A recent national study confirms what most attorneys who have practiced in the workers’ comp arena have observed over the past ten to twenty years: the business lobby and the insurance industry, enabled by the ever-increasing takeover of state legislatures by the Republican party, have largely dismembered our nation’s 100-year-old workers’ comp system. ProPublica, an independent, non-profit newsroom producing public interest investigative journalism, has shined a light on what has happened to the most important safety net for workers. The full article is here.
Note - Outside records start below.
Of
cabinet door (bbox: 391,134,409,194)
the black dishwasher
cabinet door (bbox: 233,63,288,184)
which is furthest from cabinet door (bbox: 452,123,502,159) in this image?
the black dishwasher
The whole series is an exhaustive look at the changes afoot; well worth a read.
Under the banner of reforming a system described as suffering “out of control costs,” the allied forces have drastically reduced coverage for injured workers over the past ten years, and have shifted the cost of workplace accident and illness from the responsible businesses and industries and onto the American taxpayer through Social Security Disability Insurance, Medicare and Medicaid, systems now under extreme pressure themselves.
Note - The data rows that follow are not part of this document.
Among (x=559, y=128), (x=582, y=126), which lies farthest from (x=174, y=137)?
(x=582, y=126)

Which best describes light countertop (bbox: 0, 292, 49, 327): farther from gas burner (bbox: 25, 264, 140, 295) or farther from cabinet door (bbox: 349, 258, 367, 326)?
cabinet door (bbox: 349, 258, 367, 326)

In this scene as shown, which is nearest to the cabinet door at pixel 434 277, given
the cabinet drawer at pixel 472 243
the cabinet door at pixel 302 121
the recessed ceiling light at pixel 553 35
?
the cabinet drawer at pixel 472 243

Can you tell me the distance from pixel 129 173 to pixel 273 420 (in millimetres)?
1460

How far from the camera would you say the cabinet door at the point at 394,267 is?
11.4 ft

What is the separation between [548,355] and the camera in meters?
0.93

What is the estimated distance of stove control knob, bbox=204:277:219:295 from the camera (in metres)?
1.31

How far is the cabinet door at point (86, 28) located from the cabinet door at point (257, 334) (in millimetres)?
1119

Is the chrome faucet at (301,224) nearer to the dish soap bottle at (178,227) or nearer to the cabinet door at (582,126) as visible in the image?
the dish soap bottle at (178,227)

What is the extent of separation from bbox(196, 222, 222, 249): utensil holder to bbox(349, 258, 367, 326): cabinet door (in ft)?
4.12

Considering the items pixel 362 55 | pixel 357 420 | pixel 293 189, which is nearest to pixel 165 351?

The usual cited basis for these cutbacks and shrinking coverage – rising costs – has now been shown to be totally fraudulent. Employers are paying the lowest workers’ comp rates since the 1970s, and insurers are enjoying their highest profits in a decade – 18% in 2013.
Some other findings in the ProPublica report:
Since 2003, 33 states have passed laws reducing benefits or making qualifying for them more difficult.
Employers and insurers now largely medical decisions—in 37 states workers can’t choose their doctor, or must choose from a restricted list.
Increasingly, benefits are terminated before workers have regained the ability to re-enter employment.
And what has the federal government done, mandated in 1972 to ensure that states maintained minimum federal standards? Nothing since 2004, after budget cuts eliminated funding for the feds to track and monitor what was happening in the states. With the disappearance of any federal oversight, workers’ comp in the states has become a “race to the bottom.”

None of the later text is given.